In an e-mail to faculty, staff and students early this week, President Jay Helman indicated that the university is in the process of “evolving” its branding strategy.
Director of Marketing Brian Barker was tasked several weeks ago with conducting a series of focus groups in an attempt at evaluating the efficacy of WSCU’s new logo and branding efforts, Helman explained.
After surveying more than 300 people (including students, faculty, staff and 150 high school students in the Denver area), the university’s current brand name was found to be problematic.
“Our current brand name, WSCU, was widely criticized as being difficult to remember and sounding like a community college or a credit union,” Helman wrote. “Our logo was also criticized by many as being bland, not memorable, and of abandoning our Western heritage.”
Western officials clarified, however, that the initiative will not result in another name change.

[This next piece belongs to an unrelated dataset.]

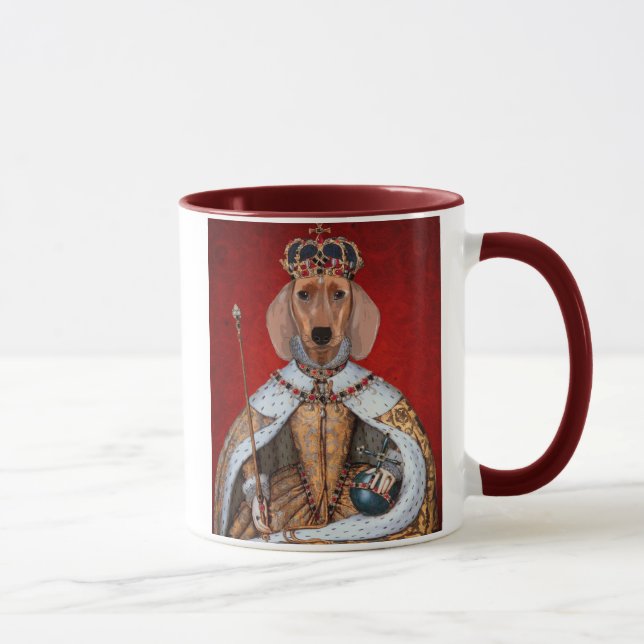 Dachshund Queen Mug (Right)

“We are ‘Western,’ and we have been for most of our 100 year history,” Helman continued. “In the coming weeks and months we will roll out a branding strategy that captures our heritage, embraces our future, and helps us better assert our market position.”
After a bill was carried through the legislature last year, Western’s new name became official in August — following suit with other higher ed institutions in the state that in recent years have changed their names to include “university.”
But prior to the new name taking effect, Western had hired branding and marketing firm BFT International of Maine, which designed the new logo.
Despite university officials now taking a new direction with respect to branding, Barker said BFT’s work is still valuable.
“They conducted some really important work here on campus that involved campus conversations about what we are as a university and what it means to be a university,” he said. “They guided us through this process at a really crucial time for us. ... It just so happens that the final strategy that we landed on doesn’t poll well with our target audience, which is prospective students.”
BFT also was behind the university’s new tagline, “Learning elevated,” which Barker said is being retained.
The findings of the focus groups were presented to the Board of Trustees a few weeks ago.
University officials are now in the process of looking for a new branding firm in hopes of exploring different strategies, Barker said.